[Opening Record extracts section]

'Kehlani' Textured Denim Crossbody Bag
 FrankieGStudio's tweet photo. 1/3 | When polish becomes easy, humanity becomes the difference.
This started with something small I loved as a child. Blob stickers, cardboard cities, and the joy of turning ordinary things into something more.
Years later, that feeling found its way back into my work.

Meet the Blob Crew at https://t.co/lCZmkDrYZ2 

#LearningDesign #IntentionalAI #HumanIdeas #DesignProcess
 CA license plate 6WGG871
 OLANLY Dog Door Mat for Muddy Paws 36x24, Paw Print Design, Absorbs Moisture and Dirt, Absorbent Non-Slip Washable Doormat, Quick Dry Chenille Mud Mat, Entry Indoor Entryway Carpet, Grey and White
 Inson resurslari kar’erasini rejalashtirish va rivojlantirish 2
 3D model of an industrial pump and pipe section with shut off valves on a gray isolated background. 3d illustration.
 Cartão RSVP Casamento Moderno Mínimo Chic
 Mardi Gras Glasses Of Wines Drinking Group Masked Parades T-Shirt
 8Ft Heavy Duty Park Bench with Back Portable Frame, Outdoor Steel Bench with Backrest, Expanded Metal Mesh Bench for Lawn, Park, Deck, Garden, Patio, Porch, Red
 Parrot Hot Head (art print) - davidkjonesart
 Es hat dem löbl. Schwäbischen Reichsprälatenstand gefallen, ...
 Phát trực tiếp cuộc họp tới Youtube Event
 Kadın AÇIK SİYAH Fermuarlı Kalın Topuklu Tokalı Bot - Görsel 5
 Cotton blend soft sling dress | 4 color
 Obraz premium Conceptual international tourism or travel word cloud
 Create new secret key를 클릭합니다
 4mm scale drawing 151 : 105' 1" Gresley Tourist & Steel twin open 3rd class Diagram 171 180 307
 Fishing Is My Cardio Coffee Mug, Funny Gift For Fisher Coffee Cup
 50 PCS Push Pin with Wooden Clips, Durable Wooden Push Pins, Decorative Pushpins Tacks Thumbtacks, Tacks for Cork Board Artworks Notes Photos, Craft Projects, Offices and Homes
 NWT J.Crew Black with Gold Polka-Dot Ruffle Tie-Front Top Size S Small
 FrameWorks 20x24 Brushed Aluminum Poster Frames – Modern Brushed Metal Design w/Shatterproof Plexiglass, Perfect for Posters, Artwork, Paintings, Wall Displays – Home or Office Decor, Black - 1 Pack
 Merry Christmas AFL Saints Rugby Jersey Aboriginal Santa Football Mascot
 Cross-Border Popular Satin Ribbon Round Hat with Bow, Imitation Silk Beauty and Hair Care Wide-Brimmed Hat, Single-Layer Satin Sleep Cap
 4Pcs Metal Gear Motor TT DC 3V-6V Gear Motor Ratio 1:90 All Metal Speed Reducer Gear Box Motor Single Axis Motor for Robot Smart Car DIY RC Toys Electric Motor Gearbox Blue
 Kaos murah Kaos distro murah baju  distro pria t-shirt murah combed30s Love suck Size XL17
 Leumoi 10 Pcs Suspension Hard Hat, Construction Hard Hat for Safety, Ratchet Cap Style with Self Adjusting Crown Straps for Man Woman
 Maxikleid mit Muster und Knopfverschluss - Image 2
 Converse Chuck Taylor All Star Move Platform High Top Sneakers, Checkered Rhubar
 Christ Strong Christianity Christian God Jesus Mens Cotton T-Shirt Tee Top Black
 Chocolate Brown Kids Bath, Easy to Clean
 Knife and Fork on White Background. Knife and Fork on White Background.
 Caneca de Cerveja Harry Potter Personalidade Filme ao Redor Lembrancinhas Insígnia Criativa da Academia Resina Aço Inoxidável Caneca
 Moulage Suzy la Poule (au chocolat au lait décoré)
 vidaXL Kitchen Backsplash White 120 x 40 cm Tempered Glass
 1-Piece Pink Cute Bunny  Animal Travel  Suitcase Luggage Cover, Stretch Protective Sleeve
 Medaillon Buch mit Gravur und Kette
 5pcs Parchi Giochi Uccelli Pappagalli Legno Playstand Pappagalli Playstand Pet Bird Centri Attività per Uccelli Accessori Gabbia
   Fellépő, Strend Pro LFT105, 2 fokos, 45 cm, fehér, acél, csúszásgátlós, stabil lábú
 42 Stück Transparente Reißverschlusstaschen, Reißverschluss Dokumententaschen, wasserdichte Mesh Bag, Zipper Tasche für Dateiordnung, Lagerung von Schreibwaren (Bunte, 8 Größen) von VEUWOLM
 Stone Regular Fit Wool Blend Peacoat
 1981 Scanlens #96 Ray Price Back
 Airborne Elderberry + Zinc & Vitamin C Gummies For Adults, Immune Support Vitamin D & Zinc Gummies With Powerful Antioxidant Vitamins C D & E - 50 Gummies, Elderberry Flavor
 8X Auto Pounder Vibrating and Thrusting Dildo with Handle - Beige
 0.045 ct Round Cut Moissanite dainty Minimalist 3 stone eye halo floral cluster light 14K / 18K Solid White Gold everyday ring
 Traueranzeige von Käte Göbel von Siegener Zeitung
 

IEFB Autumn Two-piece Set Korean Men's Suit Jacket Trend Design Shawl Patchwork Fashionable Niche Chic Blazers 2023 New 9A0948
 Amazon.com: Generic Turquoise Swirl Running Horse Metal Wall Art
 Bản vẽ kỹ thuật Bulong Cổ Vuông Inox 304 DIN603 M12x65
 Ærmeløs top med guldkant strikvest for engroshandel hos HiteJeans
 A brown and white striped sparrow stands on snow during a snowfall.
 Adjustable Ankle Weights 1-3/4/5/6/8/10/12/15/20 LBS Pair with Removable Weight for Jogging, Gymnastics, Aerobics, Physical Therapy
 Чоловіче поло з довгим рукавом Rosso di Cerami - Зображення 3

[Closing Record extracts section]

● What the task asks
Your task is to retype the records precisely as they stand.

● Task response
'Kehlani' Textured Denim Crossbody Bag
 FrankieGStudio's tweet photo. 1/3 | When polish becomes easy, humanity becomes the difference.
This started with something small I loved as a child. Blob stickers, cardboard cities, and the joy of turning ordinary things into something more.
Years later, that feeling found its way back into my work.

Meet the Blob Crew at https://t.co/lCZmkDrYZ2 

#LearningDesign #IntentionalAI #HumanIdeas #DesignProcess
 CA license plate 6WGG871
 OLANLY Dog Door Mat for Muddy Paws 36x24, Paw Print Design, Absorbs Moisture and Dirt, Absorbent Non-Slip Washable Doormat, Quick Dry Chenille Mud Mat, Entry Indoor Entryway Carpet, Grey and White
 Inson resurslari kar’erasini rejalashtirish va rivojlantirish 2
 3D model of an industrial pump and pipe section with shut off valves on a gray isolated background. 3d illustration.
 Cartão RSVP Casamento Moderno Mínimo Chic
 Mardi Gras Glasses Of Wines Drinking Group Masked Parades T-Shirt
 8Ft Heavy Duty Park Bench with Back Portable Frame, Outdoor Steel Bench with Backrest, Expanded Metal Mesh Bench for Lawn, Park, Deck, Garden, Patio, Porch, Red
 Parrot Hot Head (art print) - davidkjonesart
 Es hat dem löbl. Schwäbischen Reichsprälatenstand gefallen, ...
 Phát trực tiếp cuộc họp tới Youtube Event
 Kadın AÇIK SİYAH Fermuarlı Kalın Topuklu Tokalı Bot - Görsel 5
 Cotton blend soft sling dress | 4 color
 Obraz premium Conceptual international tourism or travel word cloud
 Create new secret key를 클릭합니다
 4mm scale drawing 151 : 105' 1" Gresley Tourist & Steel twin open 3rd class Diagram 171 180 307
 Fishing Is My Cardio Coffee Mug, Funny Gift For Fisher Coffee Cup
 50 PCS Push Pin with Wooden Clips, Durable Wooden Push Pins, Decorative Pushpins Tacks Thumbtacks, Tacks for Cork Board Artworks Notes Photos, Craft Projects, Offices and Homes
 NWT J.Crew Black with Gold Polka-Dot Ruffle Tie-Front Top Size S Small
 FrameWorks 20x24 Brushed Aluminum Poster Frames – Modern Brushed Metal Design w/Shatterproof Plexiglass, Perfect for Posters, Artwork, Paintings, Wall Displays – Home or Office Decor, Black - 1 Pack
 Merry Christmas AFL Saints Rugby Jersey Aboriginal Santa Football Mascot
 Cross-Border Popular Satin Ribbon Round Hat with Bow, Imitation Silk Beauty and Hair Care Wide-Brimmed Hat, Single-Layer Satin Sleep Cap
 4Pcs Metal Gear Motor TT DC 3V-6V Gear Motor Ratio 1:90 All Metal Speed Reducer Gear Box Motor Single Axis Motor for Robot Smart Car DIY RC Toys Electric Motor Gearbox Blue
 Kaos murah Kaos distro murah baju  distro pria t-shirt murah combed30s Love suck Size XL17
 Leumoi 10 Pcs Suspension Hard Hat, Construction Hard Hat for Safety, Ratchet Cap Style with Self Adjusting Crown Straps for Man Woman
 Maxikleid mit Muster und Knopfverschluss - Image 2
 Converse Chuck Taylor All Star Move Platform High Top Sneakers, Checkered Rhubar
 Christ Strong Christianity Christian God Jesus Mens Cotton T-Shirt Tee Top Black
 Chocolate Brown Kids Bath, Easy to Clean
 Knife and Fork on White Background. Knife and Fork on White Background.
 Caneca de Cerveja Harry Potter Personalidade Filme ao Redor Lembrancinhas Insígnia Criativa da Academia Resina Aço Inoxidável Caneca
 Moulage Suzy la Poule (au chocolat au lait décoré)
 vidaXL Kitchen Backsplash White 120 x 40 cm Tempered Glass
 1-Piece Pink Cute Bunny  Animal Travel  Suitcase Luggage Cover, Stretch Protective Sleeve
 Medaillon Buch mit Gravur und Kette
 5pcs Parchi Giochi Uccelli Pappagalli Legno Playstand Pappagalli Playstand Pet Bird Centri Attività per Uccelli Accessori Gabbia
   Fellépő, Strend Pro LFT105, 2 fokos, 45 cm, fehér, acél, csúszásgátlós, stabil lábú
 42 Stück Transparente Reißverschlusstaschen, Reißverschluss Dokumententaschen, wasserdichte Mesh Bag, Zipper Tasche für Dateiordnung, Lagerung von Schreibwaren (Bunte, 8 Größen) von VEUWOLM
 Stone Regular Fit Wool Blend Peacoat
 1981 Scanlens #96 Ray Price Back
 Airborne Elderberry + Zinc & Vitamin C Gummies For Adults, Immune Support Vitamin D & Zinc Gummies With Powerful Antioxidant Vitamins C D & E - 50 Gummies, Elderberry Flavor
 8X Auto Pounder Vibrating and Thrusting Dildo with Handle - Beige
 0.045 ct Round Cut Moissanite dainty Minimalist 3 stone eye halo floral cluster light 14K / 18K Solid White Gold everyday ring
 Traueranzeige von Käte Göbel von Siegener Zeitung
 

IEFB Autumn Two-piece Set Korean Men's Suit Jacket Trend Design Shawl Patchwork Fashionable Niche Chic Blazers 2023 New 9A0948
 Amazon.com: Generic Turquoise Swirl Running Horse Metal Wall Art
 Bản vẽ kỹ thuật Bulong Cổ Vuông Inox 304 DIN603 M12x65
 Ærmeløs top med guldkant strikvest for engroshandel hos HiteJeans
 A brown and white striped sparrow stands on snow during a snowfall.
 Adjustable Ankle Weights 1-3/4/5/6/8/10/12/15/20 LBS Pair with Removable Weight for Jogging, Gymnastics, Aerobics, Physical Therapy
 Чоловіче поло з довгим рукавом Rosso di Cerami - Зображення 3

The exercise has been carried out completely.